Given the problems of using Intel libraries on AMD CPUs, is there any alternative to using MKL as a dependency?

On Tue, Feb 21, 2023, 11:39 PM David Chan @.***> wrote:

It looks like you don't have intel's MKL library linked into your environment. How did you install the code? If you installed from source, did you install MKL?
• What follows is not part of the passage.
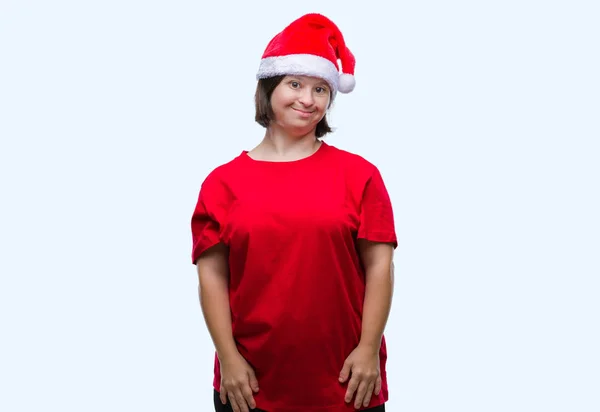 Jonge Volwassen Vrouw Met Downsyndroom Dragen Kerstmuts Geïsoleerde Achtergrond Met — Stockfoto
— Reply to this email directly, view it on GitHub https://github.com/CannyLab/tsne-cuda/issues/119#issuecomment-1438902743, or unsubscribe https://github.com/notifications/unsubscribe-auth/AFMSG2ORTXUCCRFC5U7VYQ3WYUAG7ANCNFSM6AAAAAAVDHSEKM . You are receiving this because you authored the thread.Message ID: @.***>

DavidMChan commented 1 year ago

All of the pre-built binaries are linked with MKL, however the code itself supports OpenBLAS and ATLAS. You should be able to build it from source following the instructions: https://github.com/CannyLab/tsne-cuda/wiki/Installation

You may also need to make modifications for the 4090/CUDA 12, given that it's not officially supported (we don't have a 4090 for testing). The if statement here will need to be adapted to add the compute architecture compute_89 and sm_89 for the 4090, and the options here will need to be adjusted for performance (the native setting will be fine, but will likely not make use of the device efficiently).

I'm not sure if there are any breaking changes for CUDA 12 (from 11), so you may run into this as well if any parts of the API were deprecated/removed.

silencio94 commented 4 months ago

In my case, I installed an older version of MKL in a virtual environment (because the machine is not mine). Then, I specified the MKL environment path. This solved the issue.

OS: Ubuntu 22.04.2 LTS tsnecuda installation: pip3 install tsnecuda==3.0.1+cu112 -f https://tsnecuda.isx.ai/tsnecuda_stable.html CUDA: 12.2

pip install mkl==2019.0
export LD_LIBRARY_PATH=/home/myname/miniforge3/envs/myenv/lib/

python tsne.py

In the Jupyter Notebook, specifying environment variables in a notebook cell can cause the same issue to reoccur. If you want to use plotting packages to interactively view results in the Jupyter environment, additional steps might be necessary (it might not be difficult).